Fix that by seeding the hash value differently in each worker
(and in the leader, if it participates).

Andres Freund and Robert Haas

src/backend/executor/execGrouping.c
src/backend/executor/nodeAgg.c
src/backend/executor/nodeRecursiveunion.c
src/backend/executor/nodeSetOp.c
src/backend/executor/nodeSubplan.c
src/include/executor/executor.h
src/include/nodes/execnodes.h

index 94cc59de7e1cbcc21807e7553342eb1d80327087..3149fbe975c2caaed1d16ca6f126189a98969188 100644 (file)
@@ -18,6 +18,8 @@
  */
 #include "postgres.h"
 
+#include "access/hash.h"
+#include "access/parallel.h"
 #include "executor/executor.h"
 #include "miscadmin.h"
 #include "utils/lsyscache.h"
@@ -289,7 +291,8 @@ BuildTupleHashTable(int numCols, AttrNumber *keyColIdx,
                                        FmgrInfo *eqfunctions,
                                        FmgrInfo *hashfunctions,
                                        long nbuckets, Size additionalsize,
-                                       MemoryContext tablecxt, MemoryContext tempcxt)
+                                       MemoryContext tablecxt, MemoryContext tempcxt,
+                                       bool use_variable_hash_iv)
 {
        TupleHashTable hashtable;
        Size            entrysize = sizeof(TupleHashEntryData) + additionalsize;
@@ -314,6 +317,19 @@ BuildTupleHashTable(int numCols, AttrNumber *keyColIdx,
        hashtable->in_hash_funcs = NULL;
        hashtable->cur_eq_funcs = NULL;
 
+       /*
+        * If parallelism is in use, even if the master backend is performing the
+        * scan itself, we don't want to create the hashtable exactly the same way
+        * in all workers. As hashtables are iterated over in keyspace-order,
+        * doing so in all processes in the same way is likely to lead to
+        * "unbalanced" hashtables when the table size initially is
+        * underestimated.
+        */
+       if (use_variable_hash_iv)
+               hashtable->hash_iv = hash_uint32(ParallelWorkerNumber);
+       else
+               hashtable->hash_iv = 0;
+
        hashtable->hashtab = tuplehash_create(tablecxt, nbuckets);
        hashtable->hashtab->private_data = hashtable;
 
@@ -450,7 +466,7 @@ TupleHashTableHash(struct tuplehash_hash *tb, const MinimalTuple tuple)
        TupleHashTable hashtable = (TupleHashTable) tb->private_data;
        int                     numCols = hashtable->numCols;
        AttrNumber *keyColIdx = hashtable->keyColIdx;
-       uint32          hashkey = 0;
+       uint32          hashkey = hashtable->hash_iv;
        TupleTableSlot *slot;
        FmgrInfo   *hashfunctions;
        int                     i;
index eefb3d678c639ab3fc56a6d42bcb9ee670aaf470..a093862f34b7b9fc995e07c2f8cf353b00c429f1 100644 (file)
@@ -1723,7 +1723,8 @@ build_hash_table(AggState *aggstate)
                                                                                          node->numGroups,
                                                                                          additionalsize,
                                                         aggstate->aggcontexts[0]->ecxt_per_tuple_memory,
-                                                                                         tmpmem);
+                                                                                         tmpmem,
+                                                                 !DO_AGGSPLIT_SKIPFINAL(aggstate->aggsplit));
 }
 
 /*
index acded079e245ddce63f41062144f3a2599bcf8dc..5b734c05050e658b2b27767c8acc4a1df3dcb245 100644 (file)
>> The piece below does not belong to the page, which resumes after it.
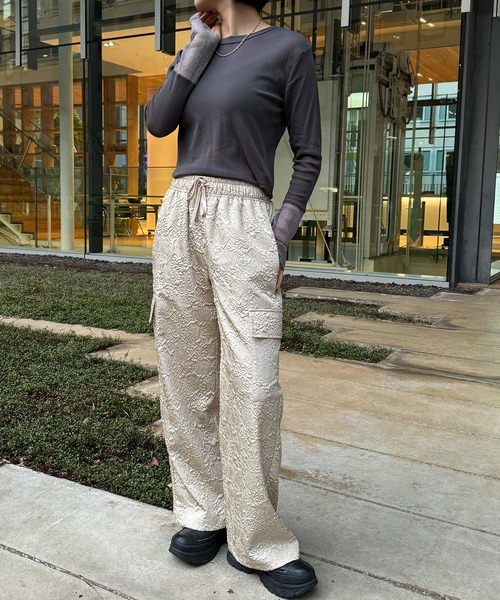 uyu.(ウユ)の「フクレジャガードカーゴパンツ(カーゴパンツ・レディース・ブラック/ブルー/ベージュ系・FREE)」の18枚目の写真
@@ -43,7 +43,8 @@ build_hash_table(RecursiveUnionState *rustate)
                                                                                         node->numGroups,
                                                                                         0,
                                                                                         rustate->tableContext,
-                                                                                        rustate->tempContext);
+                                                                                        rustate->tempContext,
+                                                                                        false);
 }
 
 
index e94555ead894ea632aa1c36b0799b4029a093aa0..760b93521a668c14397ff912ca0ea918f07e1782 100644 (file)
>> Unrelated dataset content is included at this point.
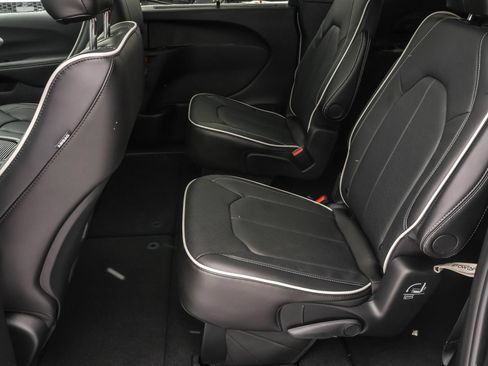 New 2026 Chrysler Pacifica Limited w/ S Appearance Package AWD/4WD image 16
@@ -130,7 +130,8 @@ build_hash_table(SetOpState *setopstate)
                                                                                                node->numGroups,
                                                                                                0,
                                                                                                setopstate->tableContext,
-                                                                                               setopstate->tempContext);
+                                                                                               setopstate->tempContext,
+                                                                                               false);
 }
 
 /*
index 8ca8fc460ca90ae729fc1d48b6314b26a80f1915..d3436000d0fad01510d3cdce247051486fe86aa1 100644 (file)
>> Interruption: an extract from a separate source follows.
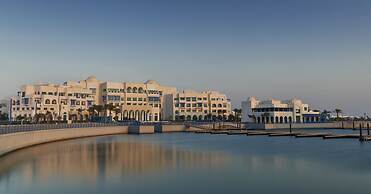 Hilton Salwa Beach Resort & Villas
@@ -510,7 +510,8 @@ buildSubPlanHash(SubPlanState *node, ExprContext *econtext)
                                                                                  nbuckets,
                                                                                  0,
                                                                                  node->hashtablecxt,
-                                                                                 node->hashtempcxt);
+                                                                                 node->hashtempcxt,
+                                                                                 false);
 
        if (!subplan->unknownEqFalse)
        {
@@ -529,7 +530,8 @@ buildSubPlanHash(SubPlanState *node, ExprContext *econtext)
                                                                                          nbuckets,
                                                                                          0,
                                                                                          node->hashtablecxt,
-                                                                                         node->hashtempcxt);
+                                                                                         node->hashtempcxt,
+                                                                                         false);
        }
 
        /*
index b4d09f9564019510d1d25af5f16ded6d590815f2..3f649faf2fe1b24083dc6380e85e705d06713cc0 100644 (file)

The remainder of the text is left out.